OpenAI has entered into a multi-year, $38 billion partnership with Amazon Web Services (AWS) to access and scale massive computing infrastructure required for its next-generation artificial intelligence (AI) workloads.

Under the agreement, OpenAI will leverage AWS’s Amazon EC2 UltraServers, which feature hundreds of thousands of chips and can scale to tens of millions of CPUs, to support its rapidly growing AI operations  from training frontier models to serving global users of ChatGPT and other generative AI systems.

In a joint statement, both companies said the deal will span seven years, giving OpenAI immediate and expanding access to AWS’s high-performance infrastructure comprising hundreds of thousands of NVIDIA GPUs. This will enable the company to efficiently run complex AI models at unprecedented scale while benefiting from the security, reliability, and performance that AWS’s cloud infrastructure is known for.

AWS said it will deploy a sophisticated architecture designed to optimize AI processing and performance, with GPU clusters  including the new NVIDIA GB200 and GB300 units — connected through Amazon EC2 UltraServers on a single, high-speed network. This configuration will allow OpenAI to run training and inference workloads with low latency and maximum efficiency.

The infrastructure rollout, according to the statement, will be completed by the end of 2026, with room for further expansion into 2027 and beyond.

Commenting on the development, Sam Altman, co-founder and CEO of OpenAI, said the partnership reinforces OpenAI’s mission to make advanced AI accessible to all.

“Scaling frontier AI requires massive, reliable compute. Our partnership with AWS strengthens the broad compute ecosystem that will power this next era and bring advanced AI to everyone,” he said.

On his part, Matt Garman, CEO of AWS, described the collaboration as a significant alignment between the two technology leaders.

“As OpenAI continues to push the boundaries of what’s possible, AWS’s best-in-class infrastructure will serve as a backbone for their AI ambitions,” Garman stated, adding  “The breadth and immediate availability of optimised compute demonstrates why AWS is uniquely positioned to support OpenAI’s vast AI workloads.”

The deal underscores the intensifying race among tech giants to secure computing power for large-scale AI development, amid surging global demand for infrastructure capable of training and deploying frontier models.

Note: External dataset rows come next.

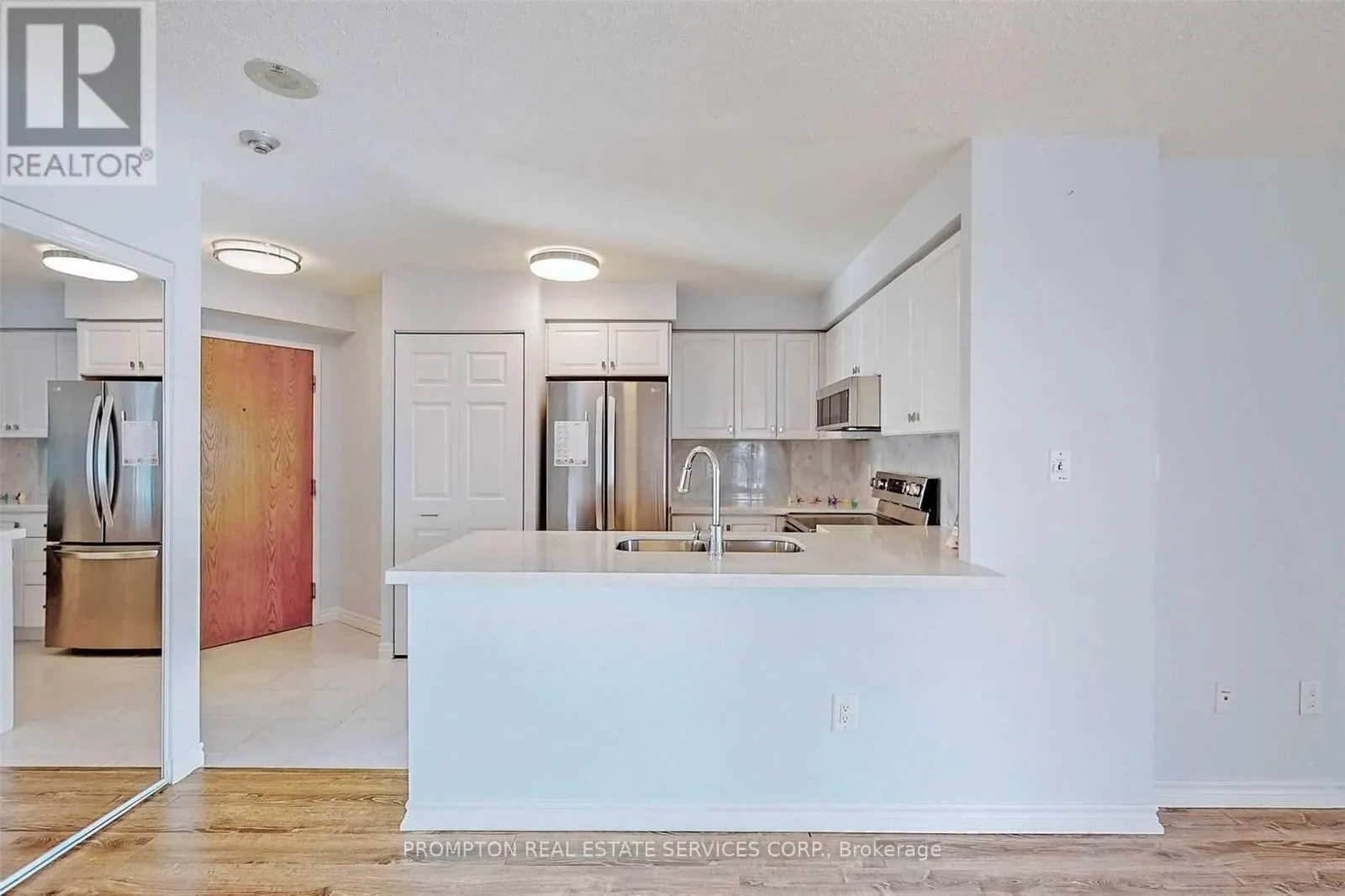 2205 - 7 LORRAINE DRIVE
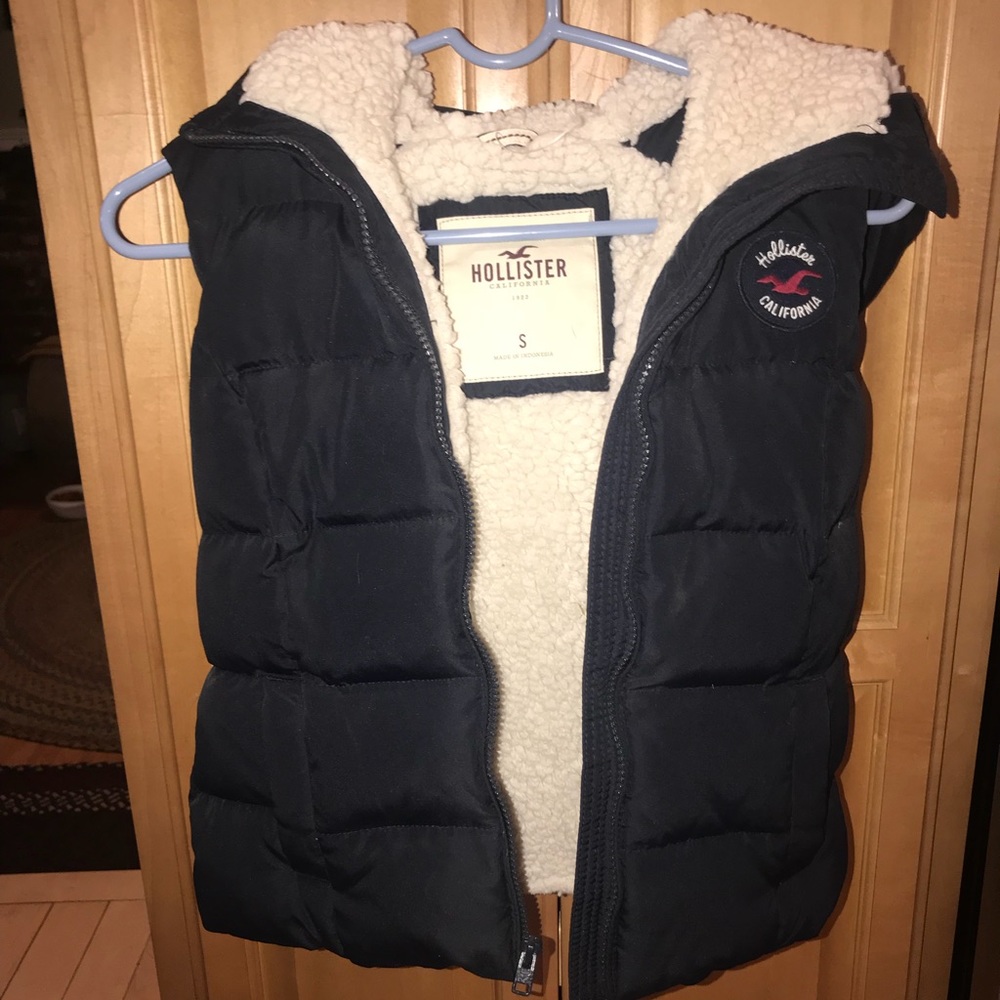 *New* Hollister Vest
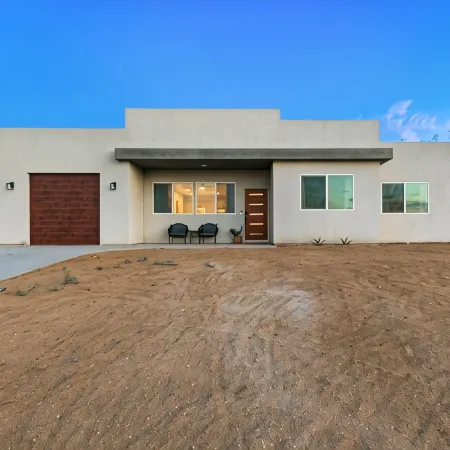 COZY JOSHUA TREE HOME- 9 min to the park! with Hot Tub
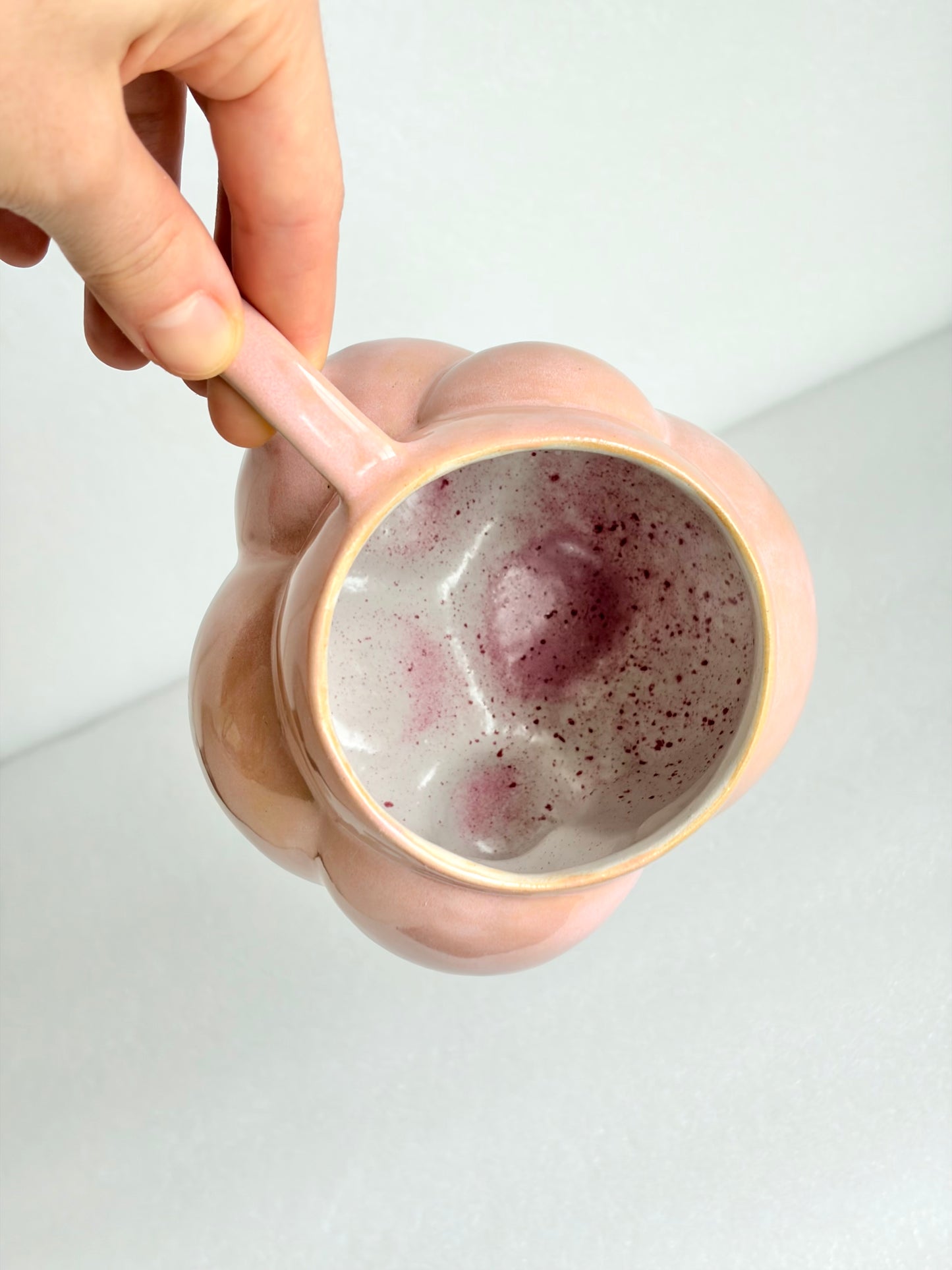 Kubek ceramiczny “Bubbles 3” różowy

AWS currently operates clusters exceeding 500,000 chips, positioning it as one of the few providers capable of delivering such large-scale AI compute reliably and securely.

The companies also noted that their collaboration extends beyond infrastructure. Earlier this year, OpenAI’s open-weight foundation models were made available on Amazon Bedrock, AWS’s platform for generative AI, giving millions of developers and enterprises access to OpenAI’s capabilities. The models have since become some of the most popular on the service, with clients such as Comscore, Peloton, Thomson Reuters, Triomics, and Verana Health using them for tasks ranging from scientific analysis and mathematical problem-solving to coding and agentic workflows.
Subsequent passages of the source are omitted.